[Provided records Boundary: Start]
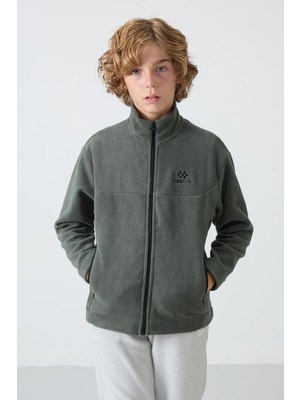 Tommy Life Standart Fit Haki Erkek Çocuk Polar Sweatshirt - 11223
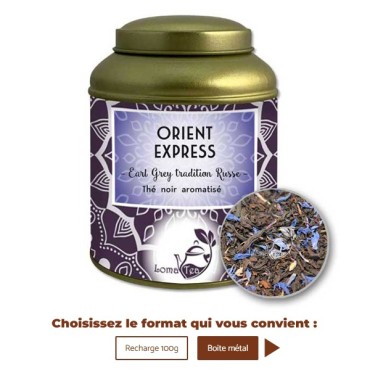 Thé noir ORIENT EXPRESS VRAC 100g - LOMATEA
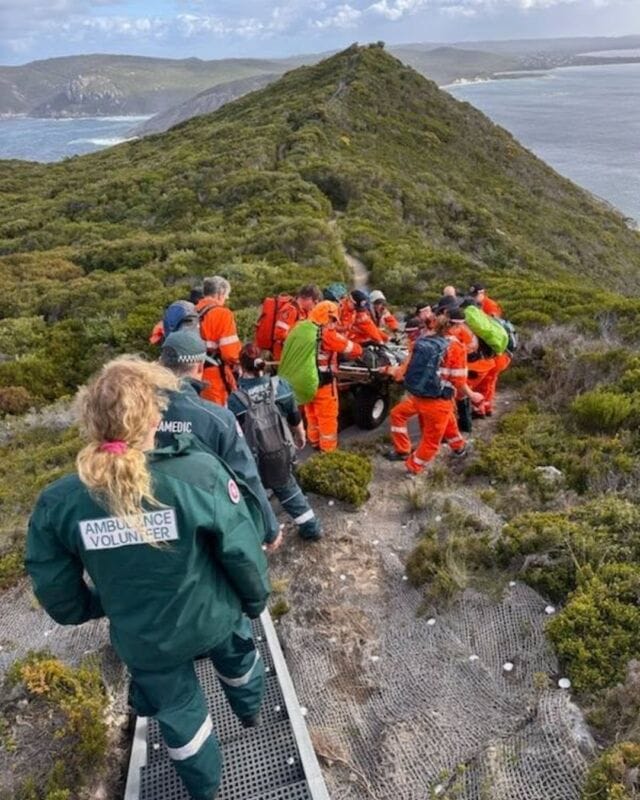 Teamwork 🙌

You might recognise this as the iconic Bald Head Walk Trail in Albany. Despite being as prepared as possible, a woman from a hiking group had to be rescued after falling in tough terrain. This photo shows the tricky but rewarding rescue effort our Great Southern teams supported with alongside Albany, Denmark and Mount Barker Volunteer State Emergency Service and @waparkswildlife. Amazing work, everyone.

Photo credit: Albany SES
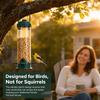 2 Sets Transparent Hanging Finch Feeder Plastic Hanging Bird Feeder  Garden Decoration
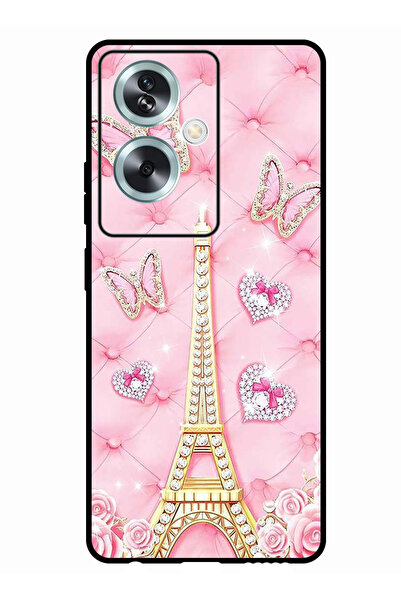 Theodor جراب واقٍ مضاد للخدش والصدمات لهاتف Oppo A2 برج إيفل (2)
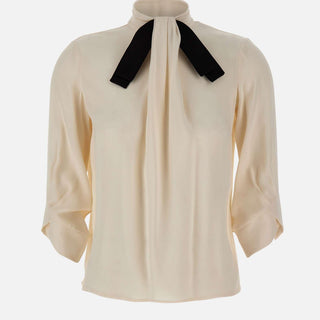 Blusa con fiocco firmato CA17866E2 E84 ELISABETTA FRANCHI 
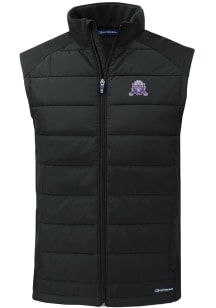 Cutter and Buck Northwestern Wildcats Mens Black Vault Evoke Sleeveless Jacket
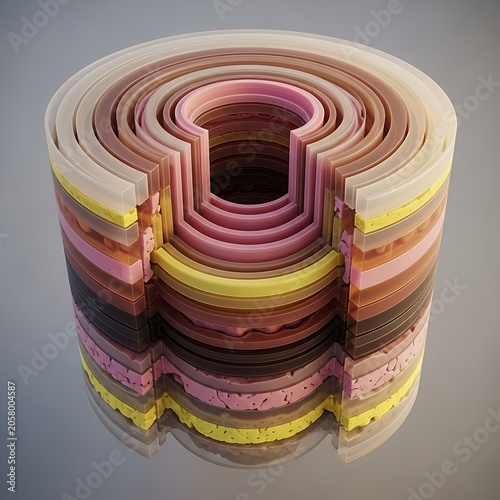 Colorful striped plastic cup with lid and straw on white surface striped cup colorful cup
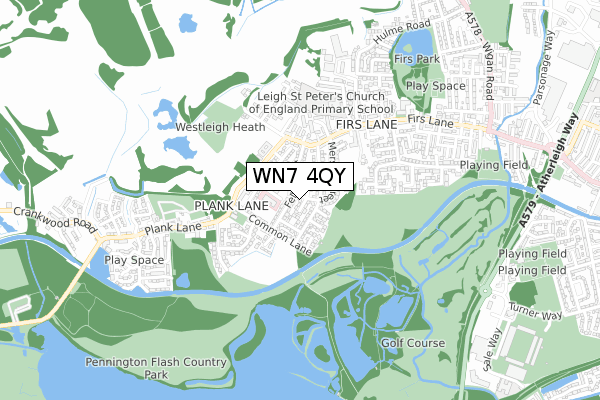 WN7 4QY map - small scale - OS Open Zoomstack (Ordnance Survey)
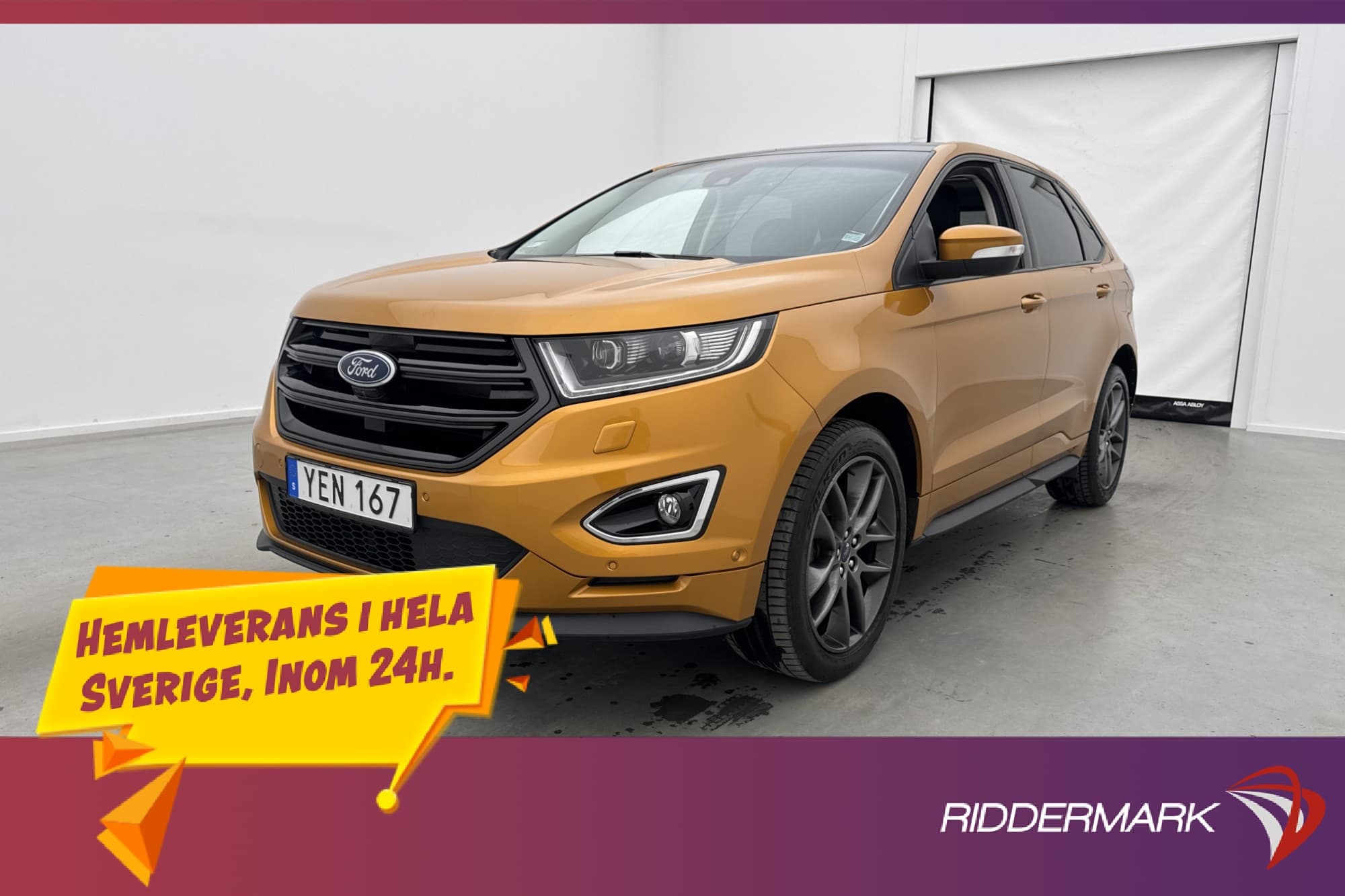 Ford Edge TDCi AWD 210hk Sport Panorama Kamera Navi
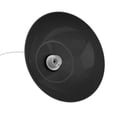 thumbnail image 4 of Semi Circular Ceiling Light Shade Cover Pendant Lampshade Pendant Lights Fixture Black, 4 of 7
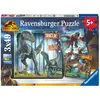 Ravensburger Puzzles T-rex et autres dinosaures 3x49 pieces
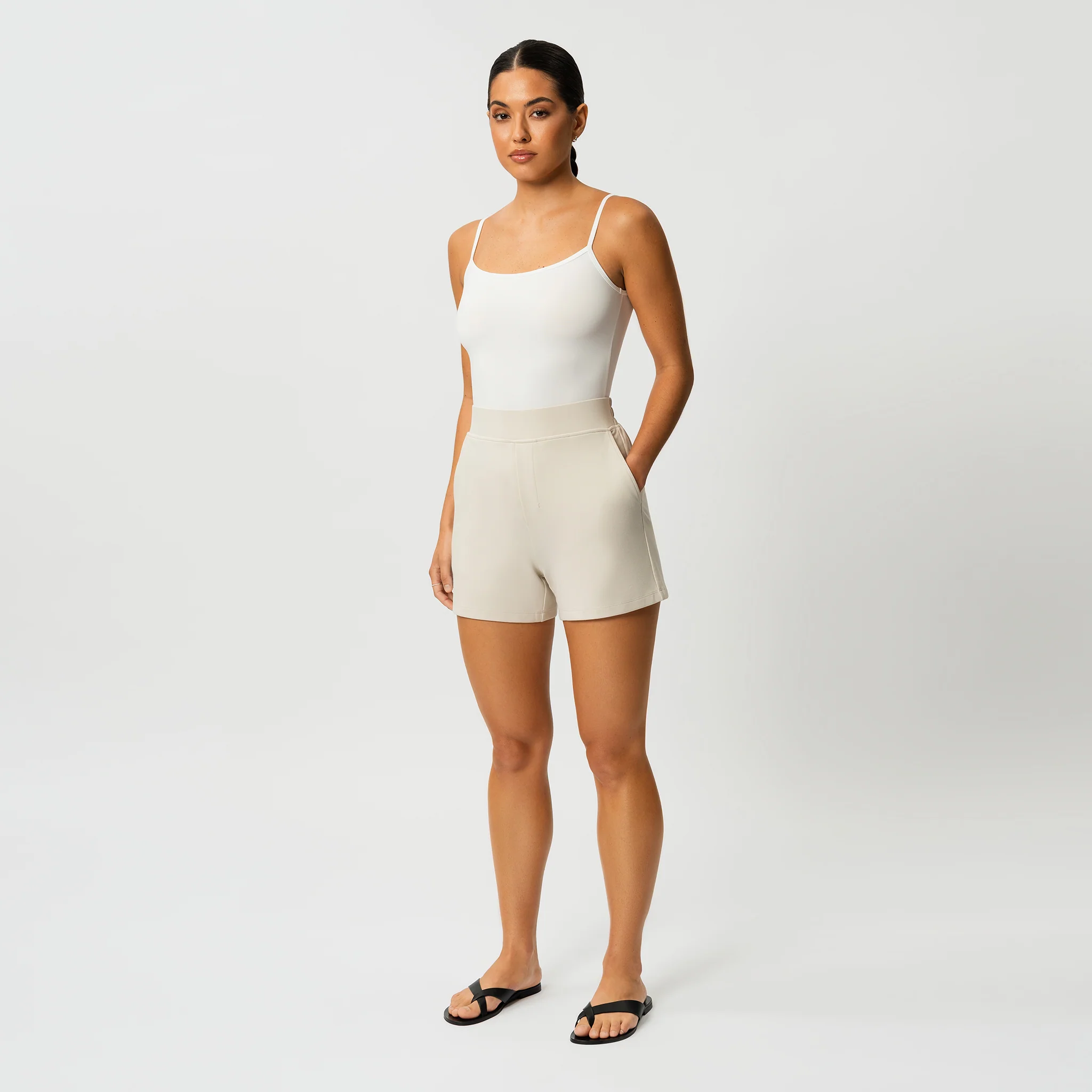 Light Ponte Shorts - Image 11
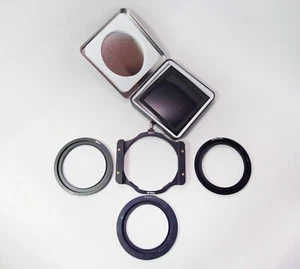 LEE BIG STOPPER 100X100 ND-10 FILTER w/ CASE 72mm,77mm,82mm Clip on Ring Adapter - Picture 1 of 7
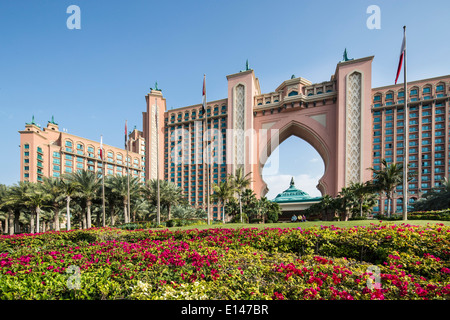 Vereinigte Arabische Emirate, Dubai, Atlantis Hotel auf Palm Jumeirah Stockfoto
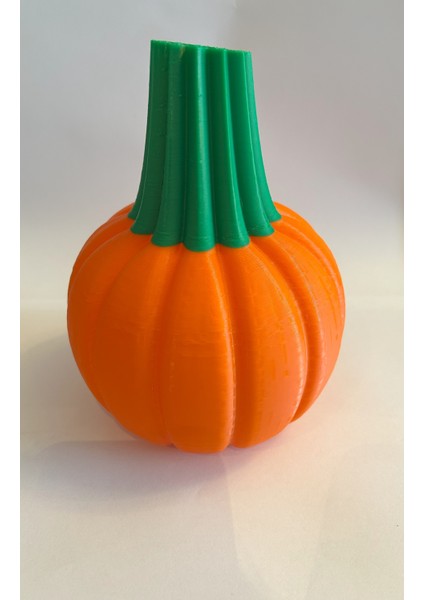 Balkabağı Vazo – Halloween Konseptli Cadılar Bayramı Ürünü | 3D Baskı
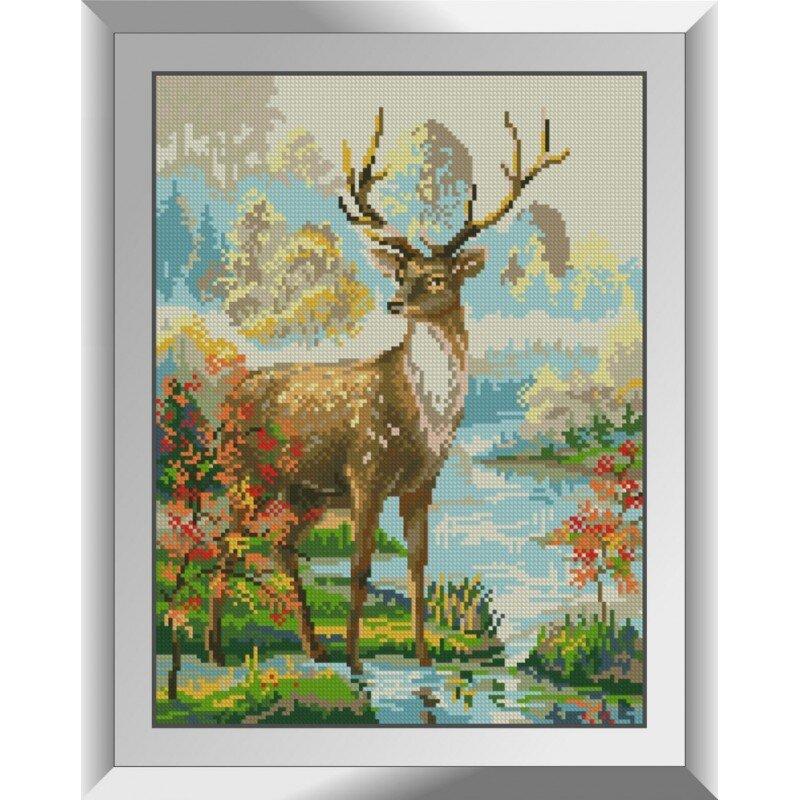 31147 Олень у реки Набір діамантової мозаїки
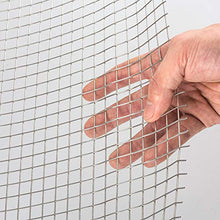 Load image into Gallery viewer, Amagabeli 0.9M x 15M Acier Inoxydable Grillage Métallique Soudure Maille carré de 12,7mm Mailles Grillage 1,2 mm d’épaisseur Grille Soudée Grillage Volière Grillage Poule Grillage pour Jardin clôture
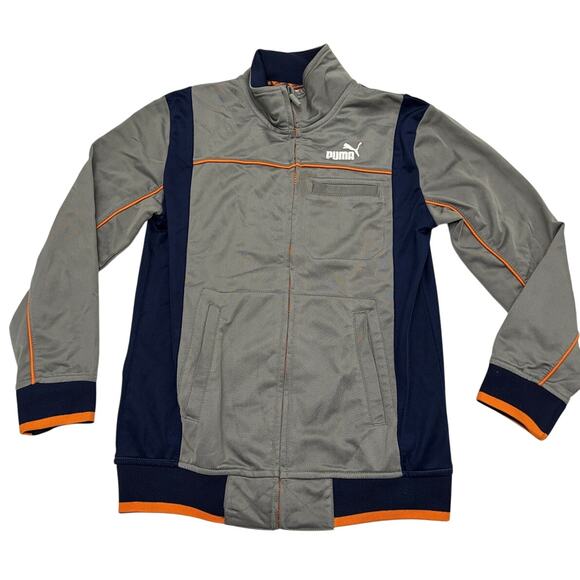 Boy's S | PUMA Zip-up Track Jacket - Picture 1 of 7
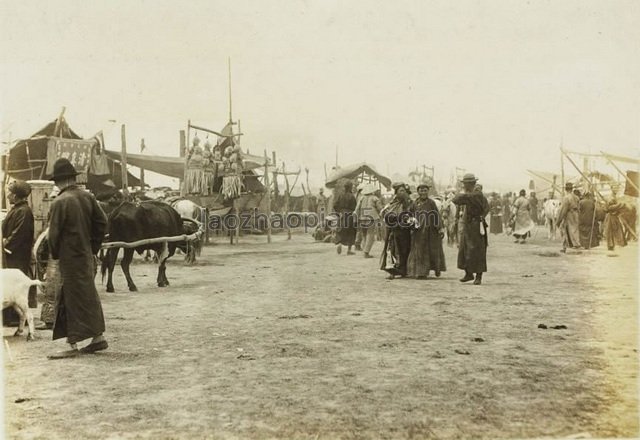 图片[6]-In 1943, the old photo of Chifeng, Inner Mongolia was taken in Daban Town, Right Banner, Bahrain at that time-China Archive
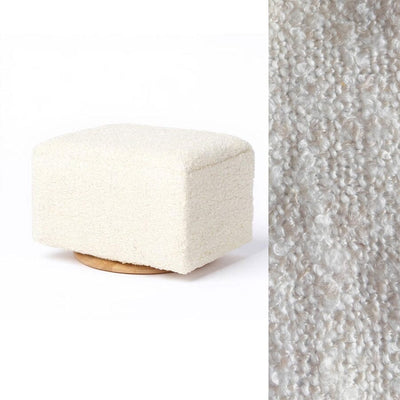 Oilo Ottoman Small Rectangle Wood Base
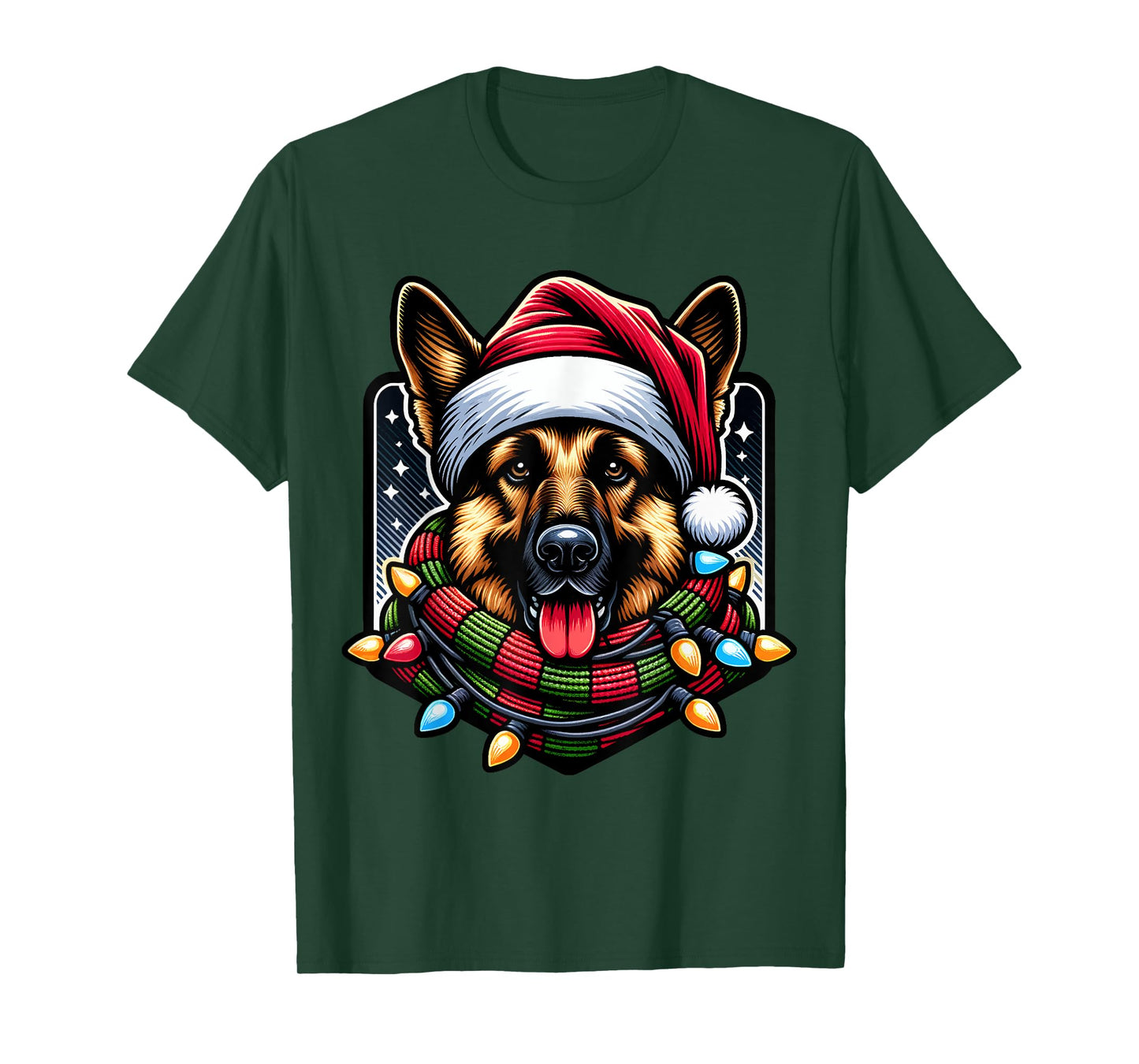 Christmas German Shepherd Xmas Shepherd Mom Dog Lover Womens T-Shirt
[Provided records Boundary: End]
* **Activity**
Only exact lines belong in the answer: those from the beginning of the entries above through the line holding "2 Sets Transparent", with no pictures.

* **Completed exercise**
 Tommy Life Standart Fit Haki Erkek Çocuk Polar Sweatshirt - 11223
 Thé noir ORIENT EXPRESS VRAC 100g - LOMATEA
 Teamwork 🙌

You might recognise this as the iconic Bald Head Walk Trail in Albany. Despite being as prepared as possible, a woman from a hiking group had to be rescued after falling in tough terrain. This photo shows the tricky but rewarding rescue effort our Great Southern teams supported with alongside Albany, Denmark and Mount Barker Volunteer State Emergency Service and @waparkswildlife. Amazing work, everyone.

Photo credit: Albany SES
 2 Sets Transparent Hanging Finch Feeder Plastic Hanging Bird Feeder  Garden Decoration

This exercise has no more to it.